Coming close to the news of losing the race for apex university status to USM, the story below spells more bad news for University of Malaya. Even University of Malaya’s business school is not rated as the top in Malaysia by the Higher Education Ministry.
Are the standards University of Malaya that bad these days? The new Vice Chancellor of University of Malaya, Ghauth Jasmon really has his work cut out for him.
Two business schools earn top accolade
PUTRAJAYA: It’s no longer business as usual at Universiti Kebangsaan Malaysia (UKM) and Universiti Putra Malaysia’s (UPM) business schools, which were yesterday named Malaysia’s premier institutions in the field.

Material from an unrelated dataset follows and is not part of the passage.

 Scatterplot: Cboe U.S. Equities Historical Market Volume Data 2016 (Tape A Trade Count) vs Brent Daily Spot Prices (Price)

UKM’s Graduate School of Management and UPM’s Graduate School of Business have become the first members of the “top business schools” grouping, a position that brings with it a RM25 million grant and international acclaim.
Higher Education Minister Datuk Seri Mohamed Khaled Nordin said the accolade was aimed at helping to turn Malaysia into a hub for business studies, besides turning the schools into globally-recognised institutions.

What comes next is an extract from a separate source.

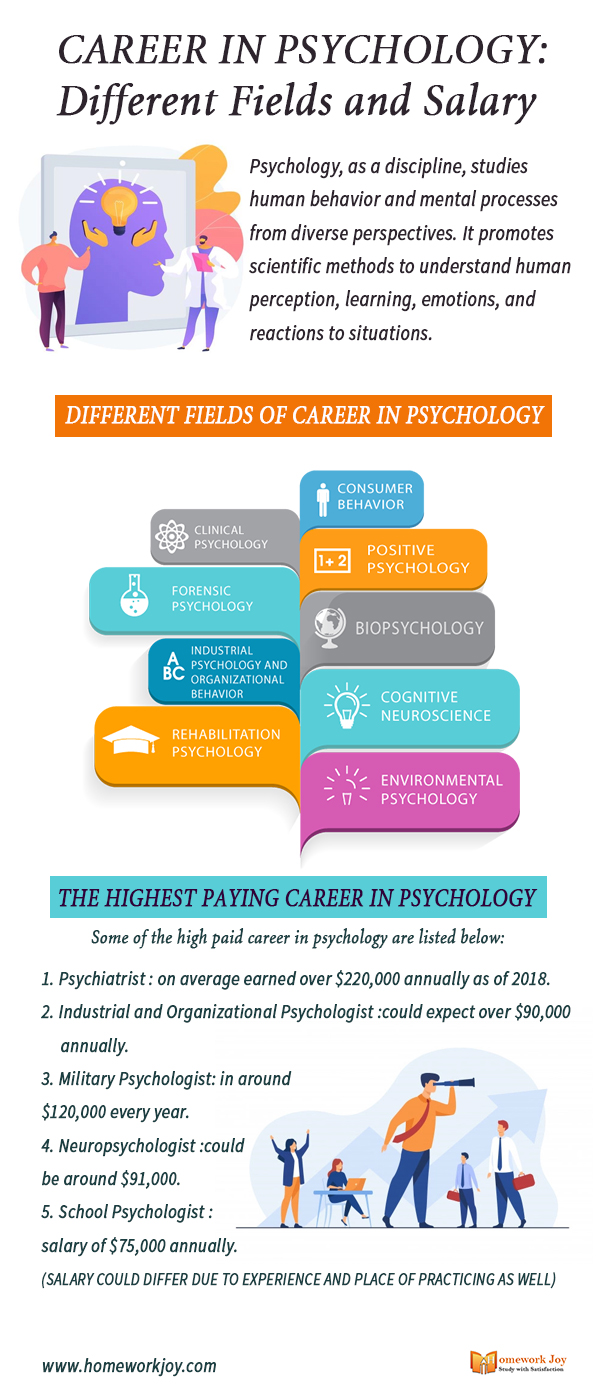 Career-In-Psychology-Different-Fields-and-Salary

The two schools beat nine other business faculties in local public universities.
They will be allowed to chart their own path to international recognition, including in the areas of finance management, student intake, hiring of teaching staff and linkages with overseas universities.
The RM25 million grant will be split into an allocation of RM13.5 million for infrastructure and the rest for human resource development of the schools.
Khaled hinted more business schools from public and private universities may receive the honour of joining the exclusive club if they proved their mettle.
“There could be more, but we have strict criteria to ensure that these business schools really are at the top of their game.
“They will need to have drawing power to attract foreign students to want to study on our shores,” he said after launching the “Top Business School” programme and the 5th International Business Postgraduate Colloquium here.
The process to identify the top business schools took more than 10 months, culminating in the green light from cabinet recently.
But Khaled is not going to lose sleep over how the two schools maintained their premier position in the field.
“To place a target in the sense of ranking is like forcing a child to sit for an examination.
“Our target is simply to gain parity with other top business schools in the region and get accreditation.”
Higher Education Department director-general Datuk Dr Radin Umar Radin Sohadi said the institutions would have to continue showing results with output in the field.
“Their graduates will have to go on to become industry captains. They will have to be able to link up with the top business schools of the world, apart from the standard publications and journals they will have to produce.”
The ministry is also stressing that the MBA programmes in the schools achieve a local: international student ratio of 60:40 over the next five years.